Once I informed everyone (both those invited and those not invited), the next step was to have civilian candidates connect with a recruiter so they could go through the Army screening process that all recruits – regardless of why you want to join the Army – go through. What does that entail? A background check (do you have a criminal record?), a physical (do you have any conditions that would preclude you from joining the military), and a fitness test (would you be able to pass the Army Physical Fitness Test by the end of BCT?). Additionally, each candidate, both civilian and military, must prepare an Officer Candidate School (OCS) application. This packet eventually goes before a board of commissioned officers for review.

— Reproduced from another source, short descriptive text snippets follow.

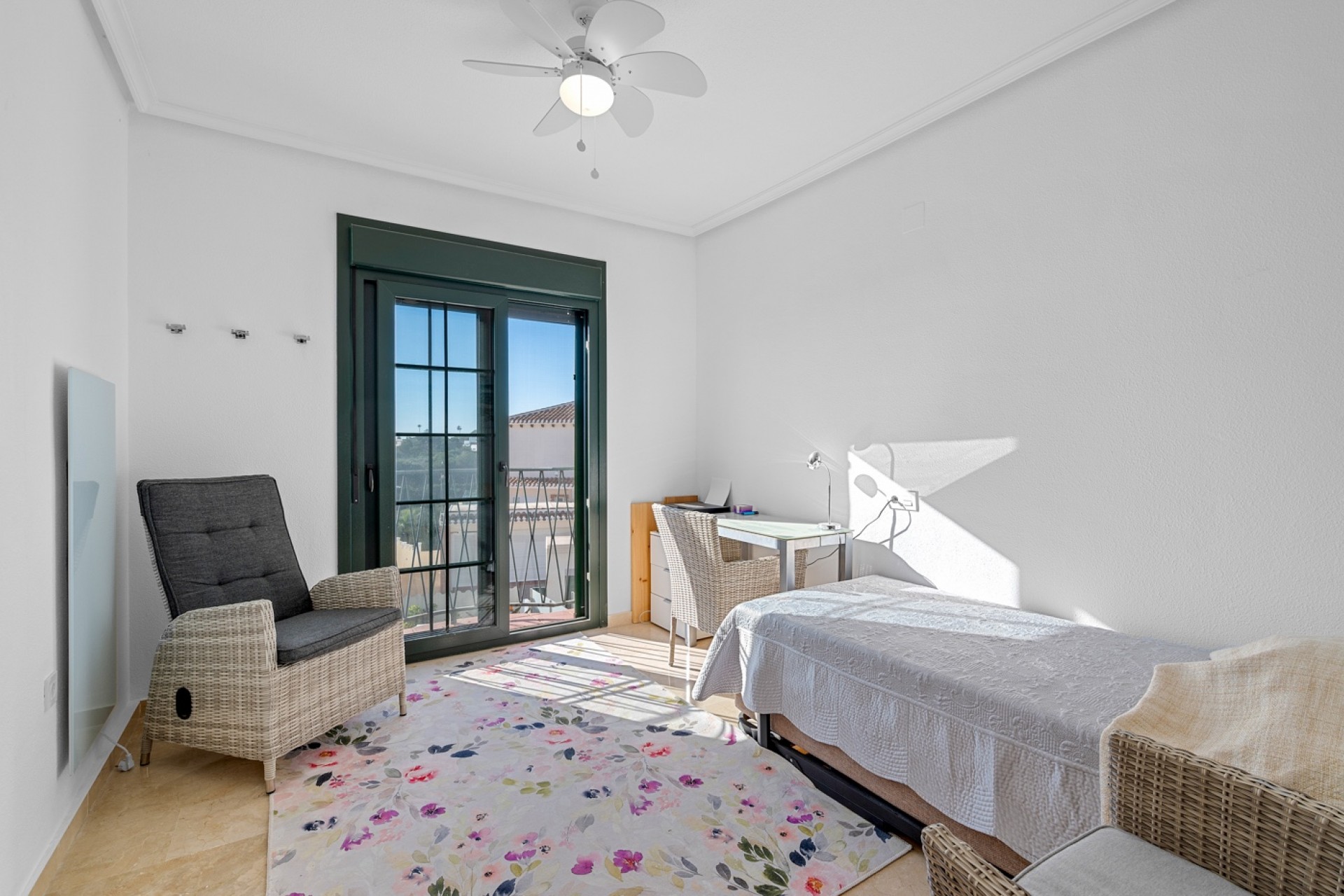 Resale - Villa * -
Orihuela Costa* - Los Dolses*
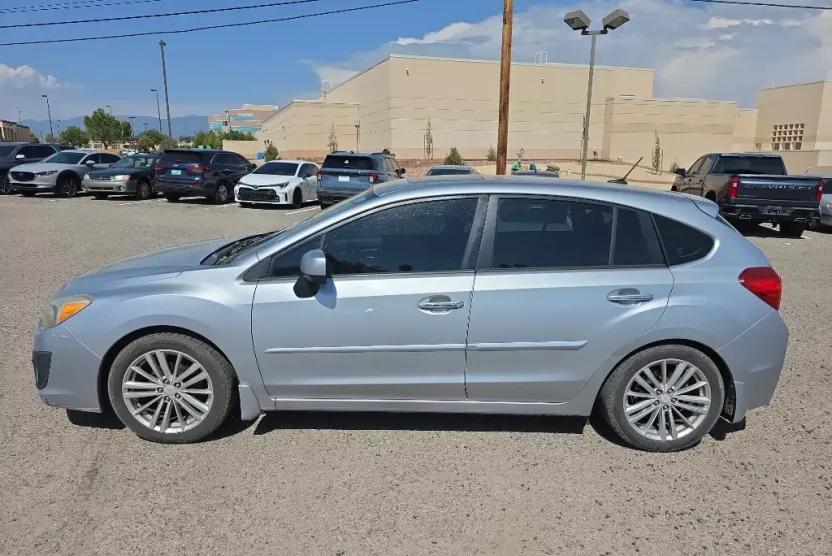 2012 Subaru Impreza 2.0i Limited photo 1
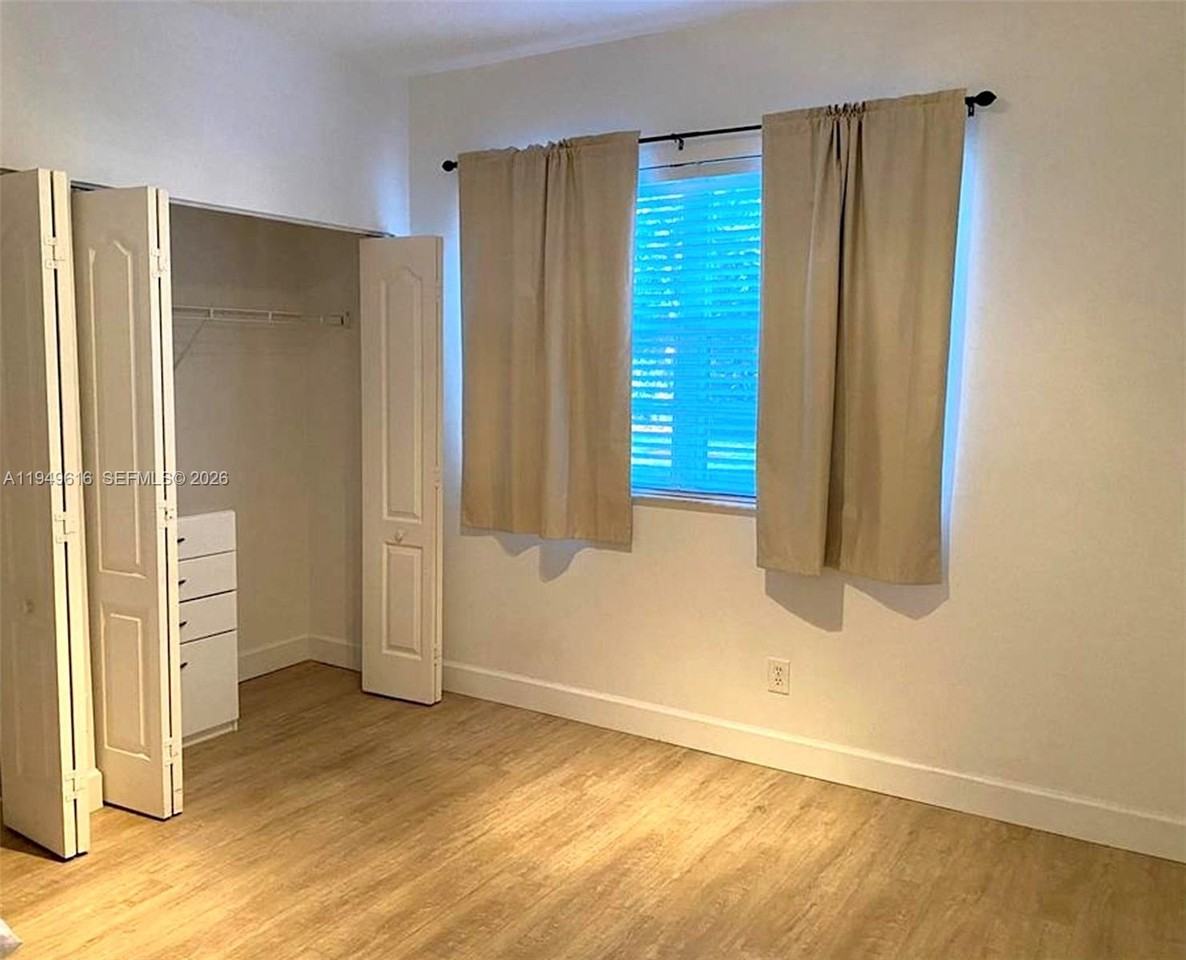 9842 Nw 29th St #9842 - Photo 4 of 28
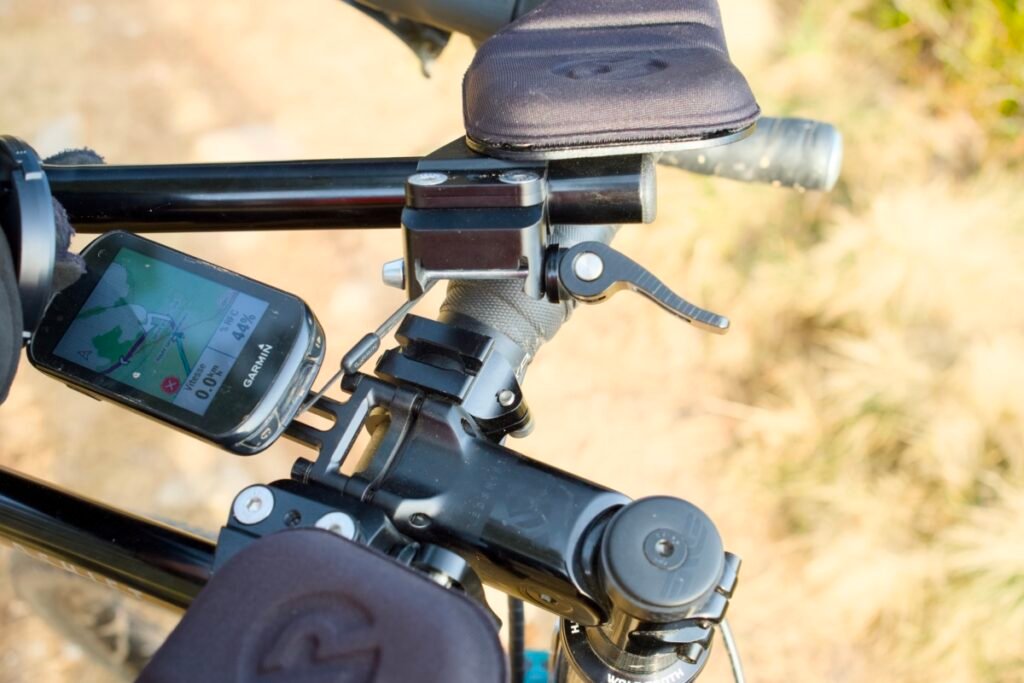 Prolongateur vélo : le guide complet pour bien choisir 10 Vue de dessus du cockpit avec levier de serrage rapide et compteur Garmin pour régler ses prolongateurs vélo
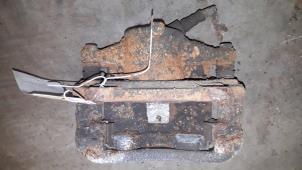 Gebruikte Remklauw (Tang) rechts-voor Fiat Stilo MW (192C) 1.9 JTD 115 Prijs op aanvraag aangeboden door Autodemontage Joko B.V.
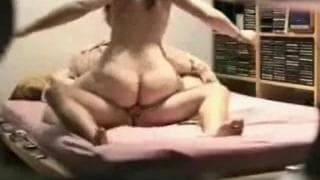 Mulher gordinha senta nesta rola Mulher gordinha senta nesta rola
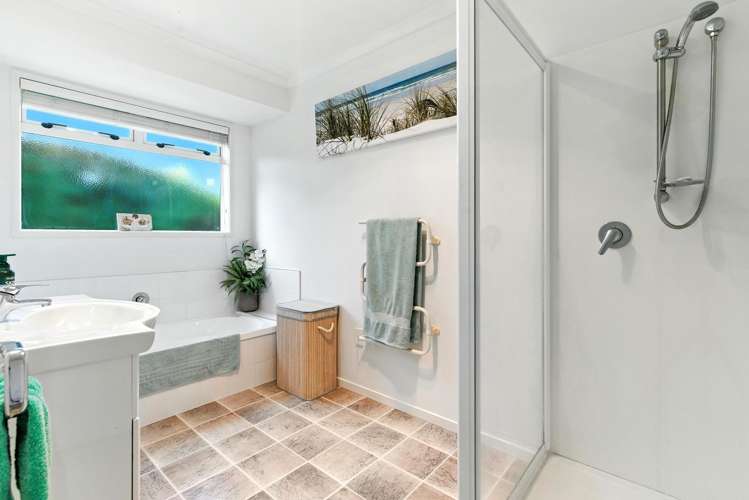 32 Rosella Drive Welcome Bay_14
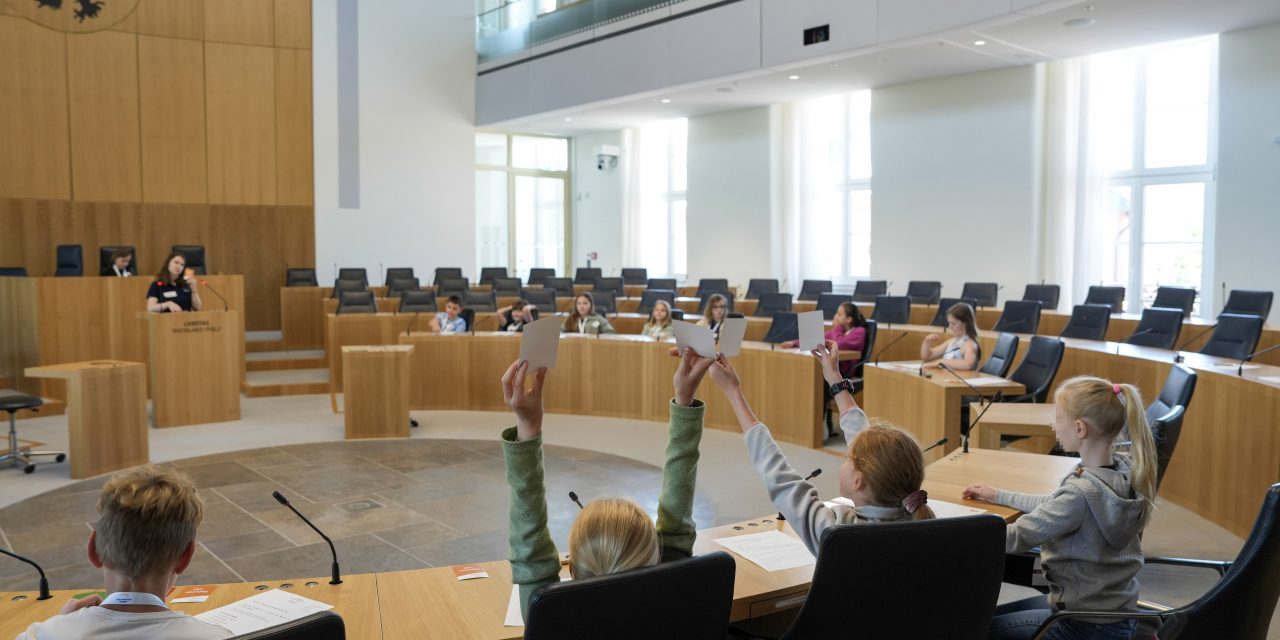 Erfolgreiches Grundschulprogramm: Über 4.000 Kinder im Landtag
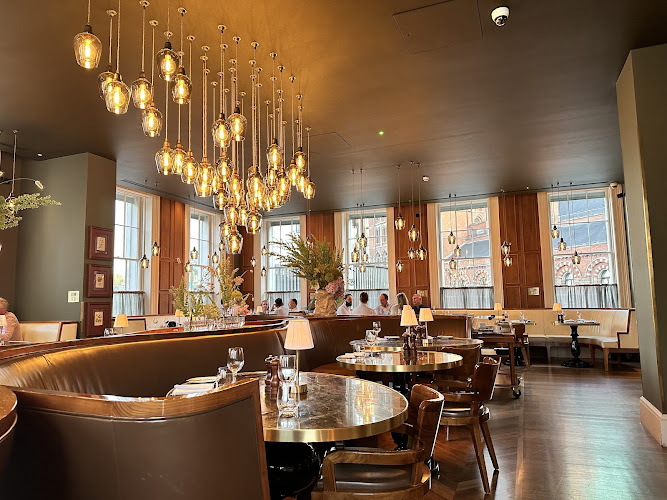 RAILS Restaurant & Little Bar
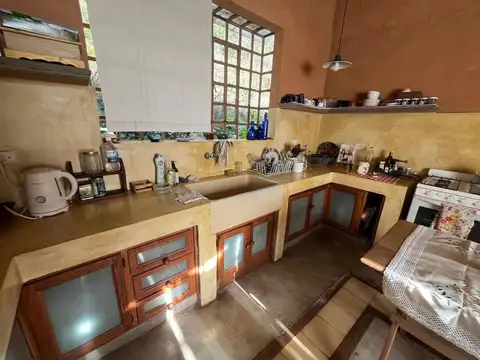 Avenida Bartolome Jaime 700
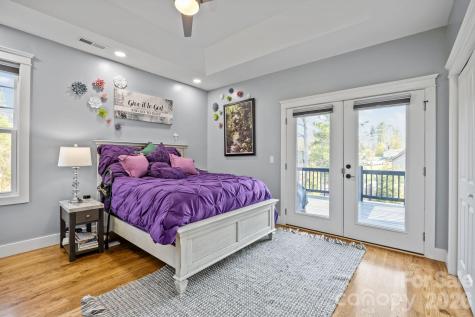 2 Wood Path Lane Arden NC 28704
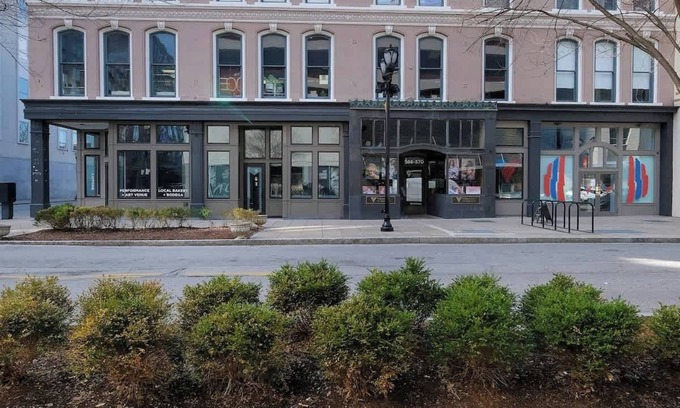 Downtown Louisville Apartment | Historic Charm, King Bed in Downtown Louisville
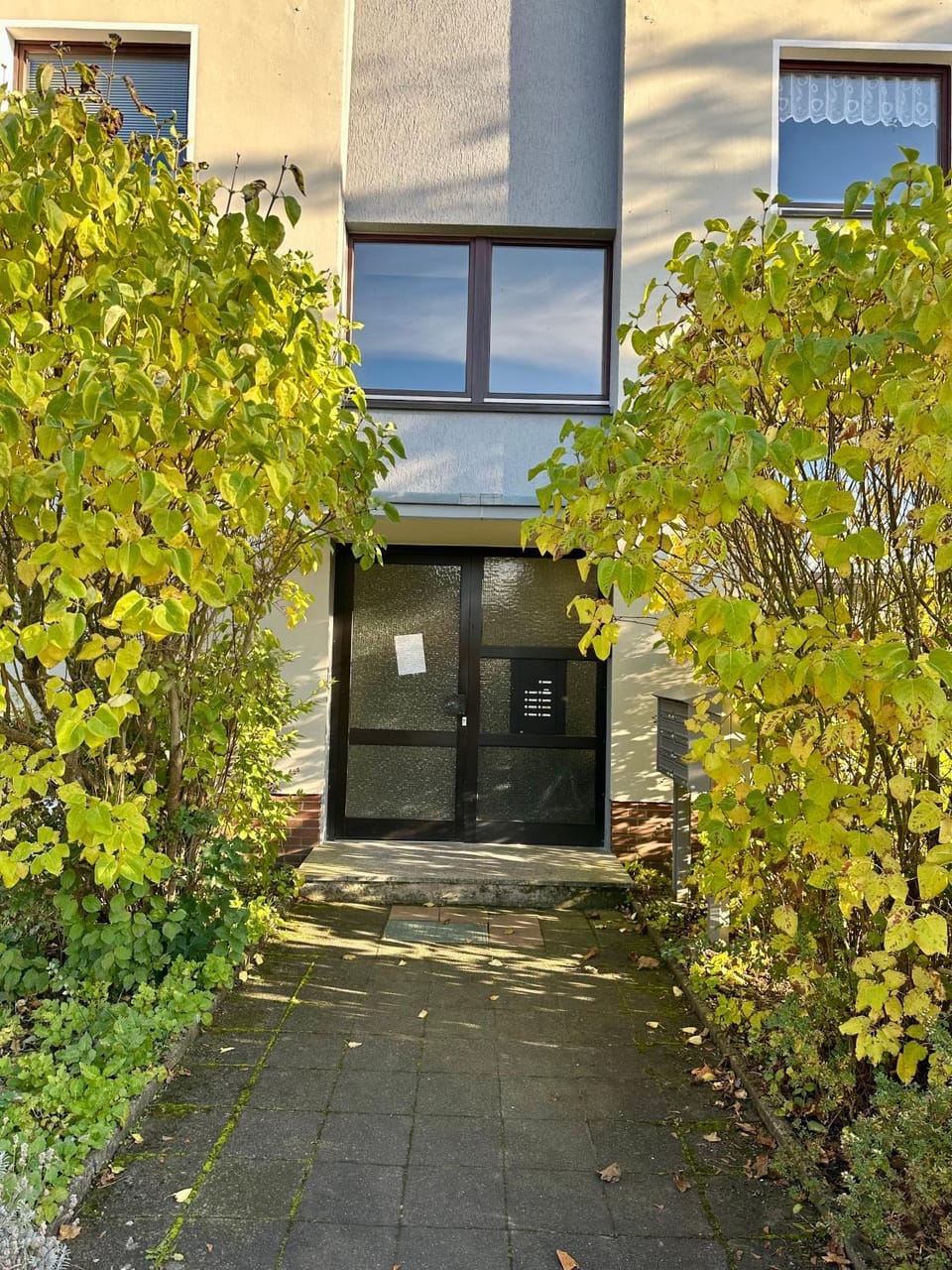 Property building, Facade/entrance, Garden, Garden view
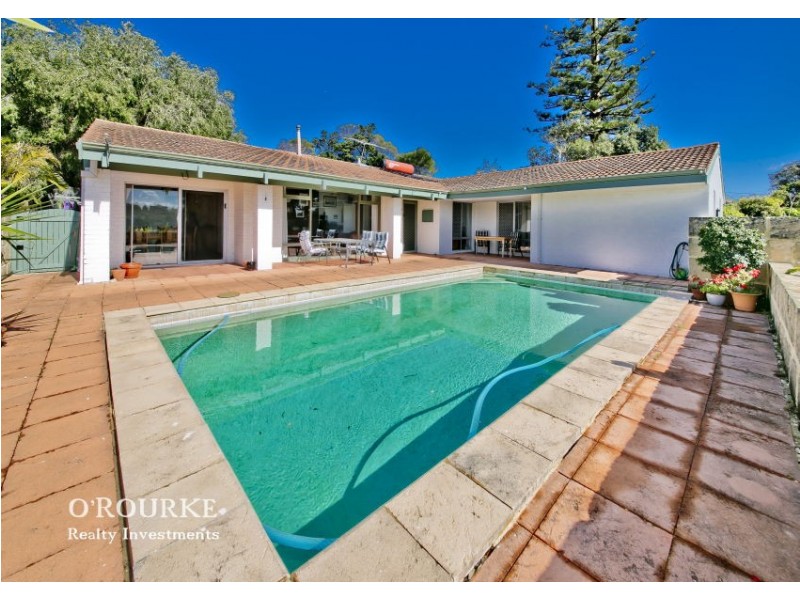 3 Rinaldi Crescent, Karrinyup WA 6018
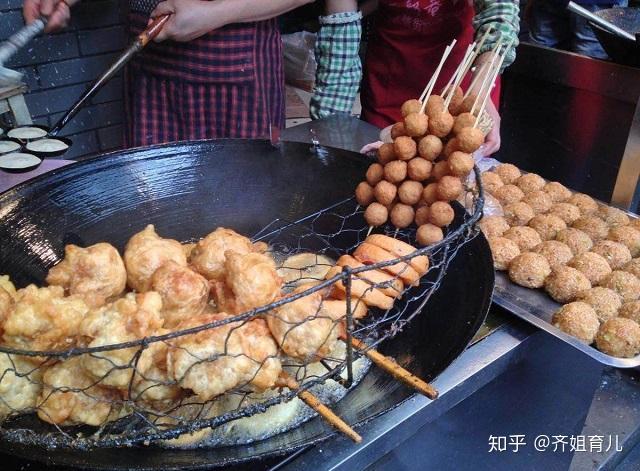 一,小摊贩的油炸食物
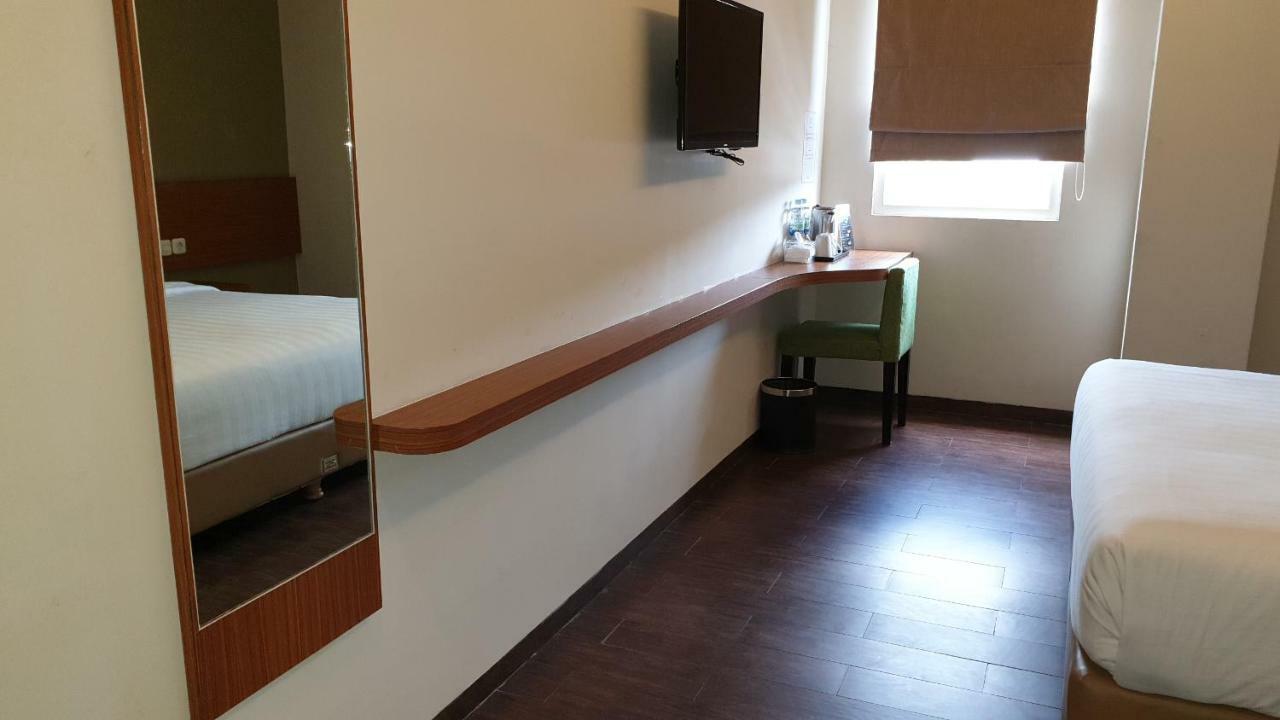 Biz Hotel City Center Ambon Esterno foto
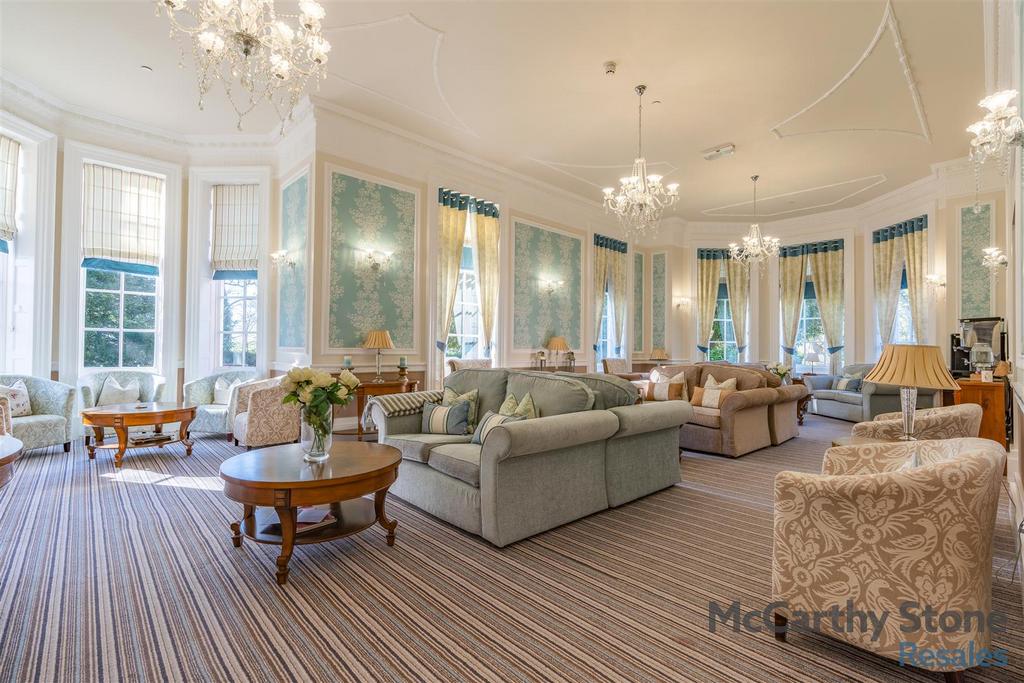 8643337-interior04.jpg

Throughout this whole process, the candidate is asked to do a lot of leg work before the audition; how well they perform during this period helped me form an opinion of the candidate, which I could then pass on to the audition panel.
So, now we come to the audition. The candidates audition at either The U.S. Army Band or The U.S. Army Field Band – two of the four Army Special Bands. The first day, the candidates perform an audition on their main instrument or voice. We do this to get a sense of their overall musicianship. Is it a deciding factor? No. Does it help the panel form an opinion of the level of musician we’re dealing with? Yes. Next we test aural skills, which for anyone with a music degree will be quite familiar – identifying chords, intervals, error detection, and sight singing – the fun stuff. Then we give them a music theory exam – analyzing music excerpts, defining music terms, and arranging a short piece of music for a chamber group. At this point, we give them a piece of music they’ve never seen before (normally an in-house arrangement so there’s little chance they’d know it) that they will have to conduct the following day.
During the second day, the candidates conduct the concert band for 30 minutes. The music includes a couple selections of the candidate’s choosing, a march, a piece for solo and band, the National Anthem, and that selection they received the day before. After that, they have 20 minutes to conduct three selections with the chorus. Finally, the last hurdle is a 15-20 minute interview with the audition panel (which consists of the senior most officers and enlisted in our field). At the end of the day, the panel makes their pick, sometimes picking no one at all.
Those selected either enlist in the Army and head off to Basic Training, or if they’re already in the Army, are given a class date for OCS. Either way, after OCS, all candidates go to the Army Music Officer Basic Course. Only after graduating that course are they then Army Music Officers.
Overall, it’s a long, difficult process, one that can take over a year to complete. The reward at the end of the process, however, is well worth it.